RC: Coloquei-me diante deste material como se fosse a primeira vez que fazia um filme. Acumulo uma experiência e talvez, somente talvez, esteja mais segura ou menos nervosa, mas as interrogações e as dúvidas são permanentes. Aqui, além de algo relacionado com a História, havia o frescor dos personagens e as possibilidades de usar outros recursos narrativos para complementar visualmente a entrevista original. Também a figura ou personalidade de Fidel é muito atraente e sempre alguém pode se perguntar: o que há de novo?
Cubadebate: Pode-se falar de um cinema eminentemente histórico?

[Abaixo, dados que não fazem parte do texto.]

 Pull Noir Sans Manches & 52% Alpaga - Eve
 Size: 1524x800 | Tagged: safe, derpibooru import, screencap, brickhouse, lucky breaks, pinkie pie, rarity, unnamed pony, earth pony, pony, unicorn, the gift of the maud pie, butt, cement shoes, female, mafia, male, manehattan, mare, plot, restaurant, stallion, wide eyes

RC: Sim, pode-se falar. A história é o que alguém não viveu. O rótulo não vem pelo que se narra, vem pelo apego a contar “tal e como foram” ou como se tem dito que foram os fatos, quer dizer, os espectadores esperam que tu repitas a história que já conhecem ou creem conhecer e quando isso não ocorre se sentem traídos. O detalhe é que cada qual pode contar a história segundo a viu ou viveu ou manipulou para servir-se dela… Te recordas do filme Rashomon [do director japonês Akira Kurosawa]?
O outro ângulo do assunto pode ter que ver com uma maneira tediosa, chata, isenta de conflitos ou contradições com que às vezes se apresentam histórias da História, fazem uma espécie de limpeza ou desbotam o tema abordado e isso é pouco atraente em termos de cinema.
Cubadebate: É um documentário do passado ou do presente?
RC: As duas coisas. É uma história do passado que quer prolongar-se no presente. Depois de tudo é uma aspiração muito antiga e que por sorte ocorre todos os dias. Tudo começa no passado.